[Extracted data entries]

──────────

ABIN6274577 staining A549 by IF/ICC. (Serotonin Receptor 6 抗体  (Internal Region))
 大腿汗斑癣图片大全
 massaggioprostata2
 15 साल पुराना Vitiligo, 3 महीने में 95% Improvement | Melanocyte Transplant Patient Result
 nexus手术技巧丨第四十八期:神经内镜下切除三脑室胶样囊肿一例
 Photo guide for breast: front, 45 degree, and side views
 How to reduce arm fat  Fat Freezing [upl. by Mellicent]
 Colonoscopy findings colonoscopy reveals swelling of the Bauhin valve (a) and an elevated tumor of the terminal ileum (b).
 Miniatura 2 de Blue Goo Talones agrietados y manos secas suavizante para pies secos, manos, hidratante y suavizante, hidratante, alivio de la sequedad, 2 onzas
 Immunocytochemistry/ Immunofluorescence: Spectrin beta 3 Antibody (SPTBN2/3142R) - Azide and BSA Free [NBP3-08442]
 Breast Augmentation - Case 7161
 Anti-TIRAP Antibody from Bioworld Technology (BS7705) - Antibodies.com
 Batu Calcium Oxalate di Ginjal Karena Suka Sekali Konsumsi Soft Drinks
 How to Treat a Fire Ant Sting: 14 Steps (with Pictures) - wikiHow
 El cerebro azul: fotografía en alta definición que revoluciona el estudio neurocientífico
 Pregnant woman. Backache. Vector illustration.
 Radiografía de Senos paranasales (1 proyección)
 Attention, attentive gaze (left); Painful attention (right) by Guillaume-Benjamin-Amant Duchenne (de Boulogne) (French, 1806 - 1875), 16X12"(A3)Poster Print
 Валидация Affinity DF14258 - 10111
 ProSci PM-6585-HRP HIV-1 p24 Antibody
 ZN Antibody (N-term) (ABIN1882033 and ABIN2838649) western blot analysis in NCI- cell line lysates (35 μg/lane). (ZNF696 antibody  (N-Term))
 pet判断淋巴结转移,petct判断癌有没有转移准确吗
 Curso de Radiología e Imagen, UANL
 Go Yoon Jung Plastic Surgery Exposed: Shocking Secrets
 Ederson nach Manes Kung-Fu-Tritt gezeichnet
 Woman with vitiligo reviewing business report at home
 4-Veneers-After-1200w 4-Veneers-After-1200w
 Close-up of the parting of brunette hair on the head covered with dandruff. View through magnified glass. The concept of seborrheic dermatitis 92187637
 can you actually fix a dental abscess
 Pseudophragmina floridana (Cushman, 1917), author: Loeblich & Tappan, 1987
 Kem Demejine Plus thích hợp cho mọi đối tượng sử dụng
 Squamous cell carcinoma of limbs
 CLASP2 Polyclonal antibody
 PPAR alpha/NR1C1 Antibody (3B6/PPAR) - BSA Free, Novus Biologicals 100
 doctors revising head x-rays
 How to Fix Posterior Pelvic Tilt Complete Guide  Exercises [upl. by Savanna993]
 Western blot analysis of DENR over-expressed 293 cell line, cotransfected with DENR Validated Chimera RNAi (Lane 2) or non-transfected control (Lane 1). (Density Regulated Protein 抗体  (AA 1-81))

──────────

All lines from the one with "Squamous cell carcinoma of limbs" to the end of the records must be set down exactly. Skip every line before it.

 Squamous cell carcinoma of limbs
 CLASP2 Polyclonal antibody
 PPAR alpha/NR1C1 Antibody (3B6/PPAR) - BSA Free, Novus Biologicals 100
 doctors revising head x-rays
 How to Fix Posterior Pelvic Tilt Complete Guide  Exercises [upl. by Savanna993]
 Western blot analysis of DENR over-expressed 293 cell line, cotransfected with DENR Validated Chimera RNAi (Lane 2) or non-transfected control (Lane 1). (Density Regulated Protein 抗体  (AA 1-81))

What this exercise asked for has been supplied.